The idea that depression somehow feeds creativity is nonsense. Depression is a parasite. We all have limited reserves of energy, and mental illness drains these reserves. If you suffer from depression, you begin your day depleted. This is why a depressed person can be so easily irritated, or crawl back to bed over seemingly small setbacks. They have nothing to fall back on.

This was my experience, for many years. I could and did write, but not without a lot of self-flagellation and subsequent exhaustion. And if I did manage to churn out some significant work, I had nothing left for the rest of my life.
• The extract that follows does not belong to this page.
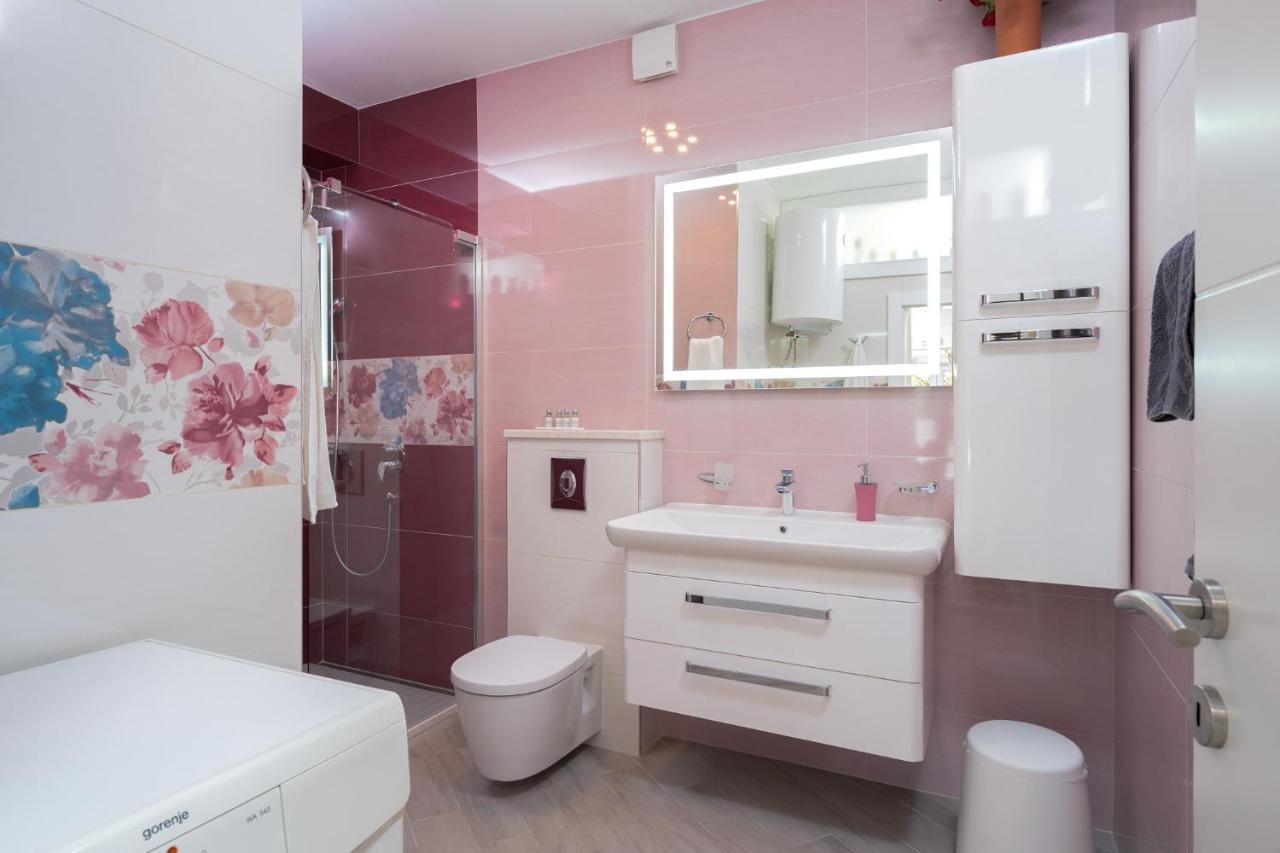 Villa Capitis In The Center- Luxury Apartment With Swimming Pool Hvar Town Exterior photo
And then I usually figured my work sucked, and more often than not I destroyed it.

It probably didn’t matter that I destroyed what I wrote, because I bet it wasn’t even all that good. Depression dulls your senses and turns your thinking inward. I was saddled with obsessive, circular thinking, and I was constantly preoccupied with death. How are you supposed to write anything interesting when you’re actually kind of boring?

So, fellow interesting-mental-health friends, please don’t think you must choose between writing and health. You don’t need to be tortured and miserable to create. Medication can work, as can light therapy, yoga, running, weightlifting, meditation, craniosacral work–I could continue this list for a while. Once you find something that works, you can be happier and more productive than you were before. I promise you this.